Mas, não foi o único injustiçado. O incrível exército Brancaleone (d. Mario Monicelli, 1966) e Gaviões e passarinhos (d. Pier Paolo Pasolini, 1966) também concorriam...

A mesma sina tivera Deus e o diabo dois anos antes; como o juri pôde ser tão obtuso a ponto de preferir Os guarda-chuvas do amor (d. Jacques Demy, 1964)?!

Pelo  jeitão  e pela proximidade (pouco mais de um ano os separa), Matraga é geralmente comparado a Deus e o Diabo, mas as pretensões do Glauber eram bem maiores: ele criou um enredo que lhe permitisse transmitir seus conceitos acerca do subdesenvolvimento, da miséria nordestina, do latifúndio, do catolicismo, de Canudos, do cangaço, das vias para a libertação do povo, etc.

Roberto Santos, menos ambicioso, empenhou-se em contar bem uma boa história de João Guimarães Rosa, sobre um  poderoso que perde tudo, é dado como morto e se reconstrói trocando a antiga arrogância pela humildade e religiosidade.
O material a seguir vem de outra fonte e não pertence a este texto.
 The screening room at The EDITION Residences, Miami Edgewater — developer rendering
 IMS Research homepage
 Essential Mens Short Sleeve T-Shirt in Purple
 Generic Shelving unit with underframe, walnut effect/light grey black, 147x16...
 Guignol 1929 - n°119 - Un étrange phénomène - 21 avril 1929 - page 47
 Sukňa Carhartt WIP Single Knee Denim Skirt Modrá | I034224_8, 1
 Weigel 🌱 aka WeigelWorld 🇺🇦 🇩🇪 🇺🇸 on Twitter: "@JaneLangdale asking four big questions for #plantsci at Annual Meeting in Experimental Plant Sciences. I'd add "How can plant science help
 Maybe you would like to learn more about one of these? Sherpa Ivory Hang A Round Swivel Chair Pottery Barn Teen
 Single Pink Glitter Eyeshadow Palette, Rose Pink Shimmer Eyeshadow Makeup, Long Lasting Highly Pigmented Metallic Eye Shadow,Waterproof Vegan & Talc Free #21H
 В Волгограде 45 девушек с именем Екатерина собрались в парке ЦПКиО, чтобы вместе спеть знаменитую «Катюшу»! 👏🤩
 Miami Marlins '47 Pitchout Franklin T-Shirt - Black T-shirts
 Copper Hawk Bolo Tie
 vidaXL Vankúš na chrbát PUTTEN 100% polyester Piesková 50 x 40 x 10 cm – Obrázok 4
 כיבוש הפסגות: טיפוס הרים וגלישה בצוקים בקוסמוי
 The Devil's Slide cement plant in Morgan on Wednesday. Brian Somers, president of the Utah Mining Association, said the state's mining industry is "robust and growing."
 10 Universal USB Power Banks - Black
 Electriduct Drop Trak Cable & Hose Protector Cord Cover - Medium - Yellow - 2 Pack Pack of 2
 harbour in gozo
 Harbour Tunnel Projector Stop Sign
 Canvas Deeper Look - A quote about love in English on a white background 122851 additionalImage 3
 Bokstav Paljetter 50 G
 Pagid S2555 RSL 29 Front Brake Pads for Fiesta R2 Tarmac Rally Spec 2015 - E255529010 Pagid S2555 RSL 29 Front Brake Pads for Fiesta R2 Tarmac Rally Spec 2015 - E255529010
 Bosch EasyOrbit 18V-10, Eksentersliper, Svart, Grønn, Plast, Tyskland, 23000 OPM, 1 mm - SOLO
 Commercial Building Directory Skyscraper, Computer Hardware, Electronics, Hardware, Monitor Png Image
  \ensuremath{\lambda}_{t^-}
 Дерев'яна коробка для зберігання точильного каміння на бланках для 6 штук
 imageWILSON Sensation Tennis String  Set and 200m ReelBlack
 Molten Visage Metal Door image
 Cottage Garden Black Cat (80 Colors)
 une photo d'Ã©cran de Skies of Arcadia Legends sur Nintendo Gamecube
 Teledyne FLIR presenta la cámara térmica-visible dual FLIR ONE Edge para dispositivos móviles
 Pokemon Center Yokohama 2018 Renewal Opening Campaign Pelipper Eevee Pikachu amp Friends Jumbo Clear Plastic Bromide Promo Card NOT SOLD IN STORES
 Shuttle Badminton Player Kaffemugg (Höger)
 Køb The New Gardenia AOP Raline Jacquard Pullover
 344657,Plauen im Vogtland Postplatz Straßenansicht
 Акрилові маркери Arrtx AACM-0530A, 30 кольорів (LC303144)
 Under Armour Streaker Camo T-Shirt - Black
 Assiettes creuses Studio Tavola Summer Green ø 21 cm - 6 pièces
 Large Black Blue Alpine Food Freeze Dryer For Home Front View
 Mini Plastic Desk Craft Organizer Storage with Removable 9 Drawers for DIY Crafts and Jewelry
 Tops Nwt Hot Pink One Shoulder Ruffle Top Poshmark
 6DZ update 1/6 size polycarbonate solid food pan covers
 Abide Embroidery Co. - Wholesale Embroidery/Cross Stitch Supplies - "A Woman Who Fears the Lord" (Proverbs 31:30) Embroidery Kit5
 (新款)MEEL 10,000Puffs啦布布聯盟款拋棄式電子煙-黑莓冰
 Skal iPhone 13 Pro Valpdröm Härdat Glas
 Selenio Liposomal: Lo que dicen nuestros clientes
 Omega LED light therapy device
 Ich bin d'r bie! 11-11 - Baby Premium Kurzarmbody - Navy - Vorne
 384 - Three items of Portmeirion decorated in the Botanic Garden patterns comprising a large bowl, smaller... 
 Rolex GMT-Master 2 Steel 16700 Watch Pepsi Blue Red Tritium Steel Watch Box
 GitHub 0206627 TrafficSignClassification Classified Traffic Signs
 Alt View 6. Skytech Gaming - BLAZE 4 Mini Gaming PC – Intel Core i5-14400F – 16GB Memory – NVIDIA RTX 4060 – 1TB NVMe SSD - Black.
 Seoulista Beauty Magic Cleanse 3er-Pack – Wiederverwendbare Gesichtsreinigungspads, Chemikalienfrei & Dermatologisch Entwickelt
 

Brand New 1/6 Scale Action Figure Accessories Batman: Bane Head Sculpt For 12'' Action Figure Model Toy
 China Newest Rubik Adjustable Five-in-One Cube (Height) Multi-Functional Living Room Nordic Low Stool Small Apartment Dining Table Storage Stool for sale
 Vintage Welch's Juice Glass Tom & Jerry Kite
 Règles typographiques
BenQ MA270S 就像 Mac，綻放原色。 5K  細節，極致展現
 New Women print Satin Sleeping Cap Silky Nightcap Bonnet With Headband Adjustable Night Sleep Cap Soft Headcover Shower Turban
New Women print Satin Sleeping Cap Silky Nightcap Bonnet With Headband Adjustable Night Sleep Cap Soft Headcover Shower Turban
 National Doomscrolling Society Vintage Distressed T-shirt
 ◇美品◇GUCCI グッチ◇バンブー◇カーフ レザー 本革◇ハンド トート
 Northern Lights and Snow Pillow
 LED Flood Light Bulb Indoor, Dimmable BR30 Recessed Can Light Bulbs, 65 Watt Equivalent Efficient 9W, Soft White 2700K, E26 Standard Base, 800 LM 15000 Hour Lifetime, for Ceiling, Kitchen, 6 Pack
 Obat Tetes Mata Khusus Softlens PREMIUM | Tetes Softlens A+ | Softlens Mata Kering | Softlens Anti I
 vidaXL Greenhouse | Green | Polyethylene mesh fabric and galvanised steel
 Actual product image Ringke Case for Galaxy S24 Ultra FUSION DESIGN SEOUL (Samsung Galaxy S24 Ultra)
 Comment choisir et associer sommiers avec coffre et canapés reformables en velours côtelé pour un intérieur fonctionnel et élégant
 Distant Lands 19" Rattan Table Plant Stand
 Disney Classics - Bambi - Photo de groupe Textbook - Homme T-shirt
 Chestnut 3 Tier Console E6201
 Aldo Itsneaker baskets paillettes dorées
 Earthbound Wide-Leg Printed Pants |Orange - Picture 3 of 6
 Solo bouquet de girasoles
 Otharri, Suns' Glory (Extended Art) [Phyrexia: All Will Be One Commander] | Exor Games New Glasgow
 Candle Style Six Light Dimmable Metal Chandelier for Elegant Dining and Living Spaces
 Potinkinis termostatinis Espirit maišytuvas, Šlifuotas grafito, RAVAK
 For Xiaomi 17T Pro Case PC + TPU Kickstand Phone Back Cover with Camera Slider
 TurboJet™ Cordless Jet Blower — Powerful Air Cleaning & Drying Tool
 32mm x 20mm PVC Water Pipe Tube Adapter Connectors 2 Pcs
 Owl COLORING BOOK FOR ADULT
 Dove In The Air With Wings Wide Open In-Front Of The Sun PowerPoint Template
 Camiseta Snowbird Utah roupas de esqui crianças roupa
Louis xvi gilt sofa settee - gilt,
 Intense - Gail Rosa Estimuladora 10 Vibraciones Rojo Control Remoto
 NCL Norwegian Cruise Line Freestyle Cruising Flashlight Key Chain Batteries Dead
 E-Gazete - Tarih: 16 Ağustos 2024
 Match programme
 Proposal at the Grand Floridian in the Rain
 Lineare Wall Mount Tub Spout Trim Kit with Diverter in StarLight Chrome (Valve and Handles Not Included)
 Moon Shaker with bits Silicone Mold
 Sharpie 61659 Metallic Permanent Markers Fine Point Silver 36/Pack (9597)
Trabalha para o casal de camponeses idosos que o socorreu, fazendo de ambos suas figuras paternas.

Mas, depois de certo tempo, a inquietação retorna e ele resolve sair em busca do seu destino, às cegas, deixando que o jumento o conduza ("'Tou aqui quase contente/ mas agora vou-me embora", comenta um dos temas  da belíssima trilha musical).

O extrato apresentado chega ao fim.